Goal of the exercise => Restate word for word the material below, starting at the line that contains "So there you" and stopping after the last line; skip pictures.

Input data =>
-- Opening Marker --

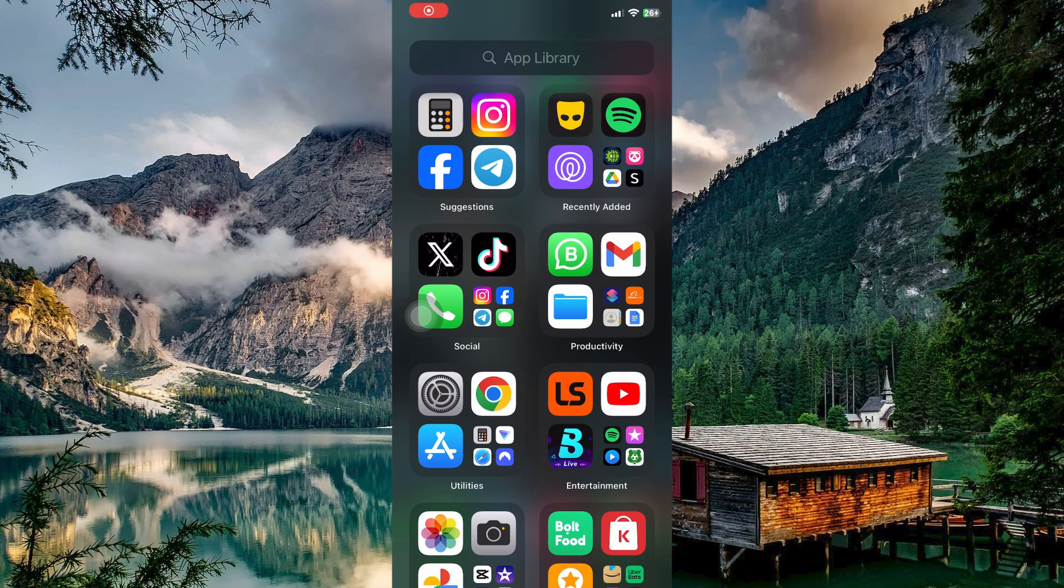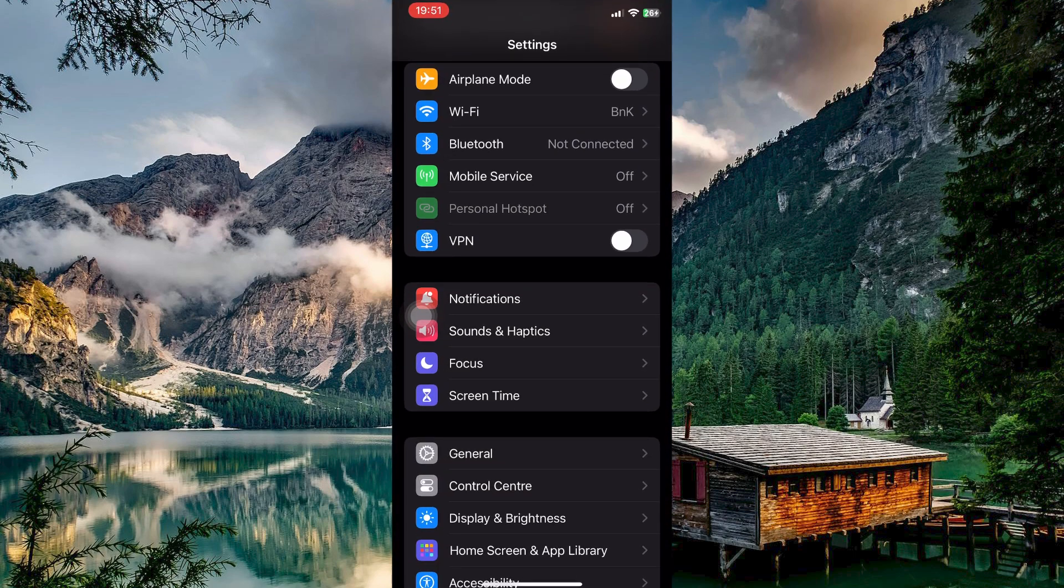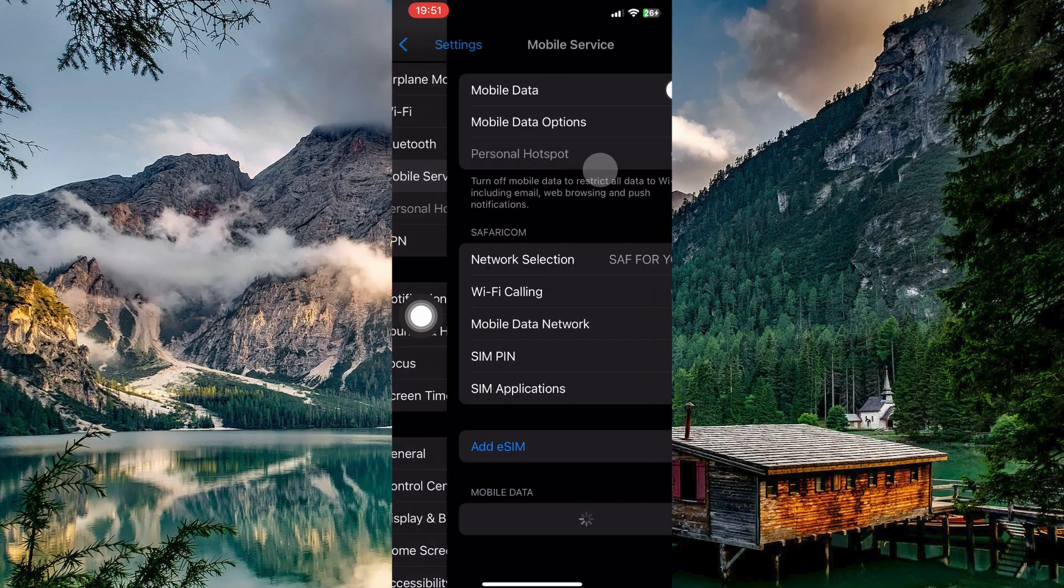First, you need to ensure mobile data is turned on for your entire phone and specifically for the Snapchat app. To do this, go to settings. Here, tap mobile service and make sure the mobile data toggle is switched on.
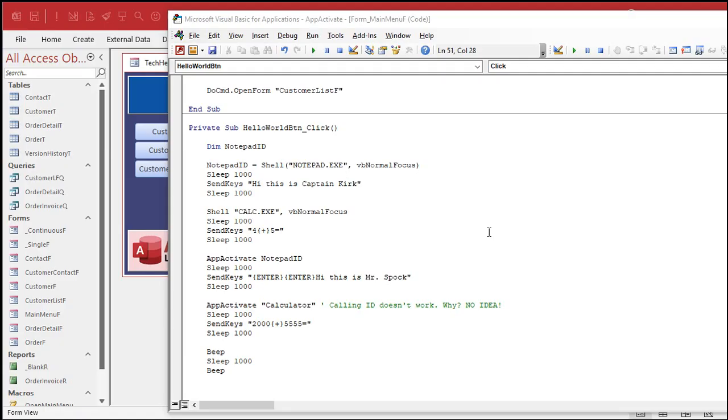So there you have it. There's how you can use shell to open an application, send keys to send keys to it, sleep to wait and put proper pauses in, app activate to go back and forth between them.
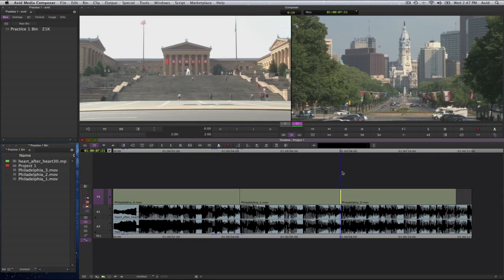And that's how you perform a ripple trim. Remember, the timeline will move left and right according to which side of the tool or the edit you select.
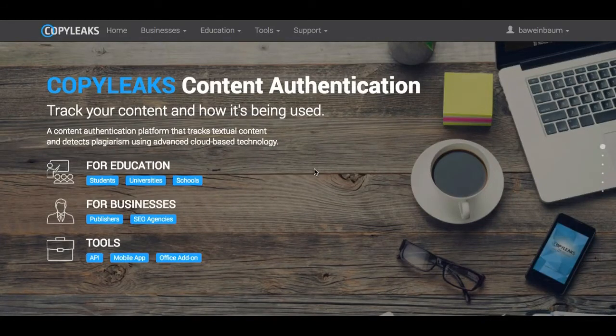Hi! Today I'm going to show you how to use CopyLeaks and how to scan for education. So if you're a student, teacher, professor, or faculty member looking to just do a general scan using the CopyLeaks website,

-- Closing Marker --

Written answer =>
So there you have it. There's how you can use shell to open an application, send keys to send keys to it, sleep to wait and put proper pauses in, app activate to go back and forth between them.
And that's how you perform a ripple trim. Remember, the timeline will move left and right according to which side of the tool or the edit you select.
Hi! Today I'm going to show you how to use CopyLeaks and how to scan for education. So if you're a student, teacher, professor, or faculty member looking to just do a general scan using the CopyLeaks website,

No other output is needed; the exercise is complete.